━━━━━ Material provided ━━━━━

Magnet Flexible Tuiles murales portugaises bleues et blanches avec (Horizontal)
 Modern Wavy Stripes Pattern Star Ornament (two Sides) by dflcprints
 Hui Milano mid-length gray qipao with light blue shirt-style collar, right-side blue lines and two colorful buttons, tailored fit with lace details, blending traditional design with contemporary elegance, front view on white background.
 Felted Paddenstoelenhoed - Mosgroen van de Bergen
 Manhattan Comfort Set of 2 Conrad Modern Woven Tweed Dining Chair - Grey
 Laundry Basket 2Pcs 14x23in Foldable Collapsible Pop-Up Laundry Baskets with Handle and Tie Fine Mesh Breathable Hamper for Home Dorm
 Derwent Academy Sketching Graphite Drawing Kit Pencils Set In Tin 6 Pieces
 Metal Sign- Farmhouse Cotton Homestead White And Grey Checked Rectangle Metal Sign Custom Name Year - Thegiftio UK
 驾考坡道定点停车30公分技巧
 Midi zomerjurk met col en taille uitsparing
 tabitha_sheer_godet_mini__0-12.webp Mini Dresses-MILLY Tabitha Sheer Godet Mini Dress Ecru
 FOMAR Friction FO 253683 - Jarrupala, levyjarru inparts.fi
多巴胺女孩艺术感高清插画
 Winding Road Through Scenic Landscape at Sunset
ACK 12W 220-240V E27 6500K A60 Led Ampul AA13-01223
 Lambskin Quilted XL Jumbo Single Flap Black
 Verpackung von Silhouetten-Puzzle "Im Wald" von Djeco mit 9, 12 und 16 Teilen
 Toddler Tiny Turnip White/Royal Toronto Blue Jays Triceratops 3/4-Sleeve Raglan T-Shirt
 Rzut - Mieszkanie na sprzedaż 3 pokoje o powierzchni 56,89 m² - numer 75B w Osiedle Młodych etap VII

━━━━━

Exercise goal:
Reproduce the lines of the records exactly, from the first one through the line that contains "Modern Wavy Stripes".

Output below:
Magnet Flexible Tuiles murales portugaises bleues et blanches avec (Horizontal)
 Modern Wavy Stripes Pattern Star Ornament (two Sides) by dflcprints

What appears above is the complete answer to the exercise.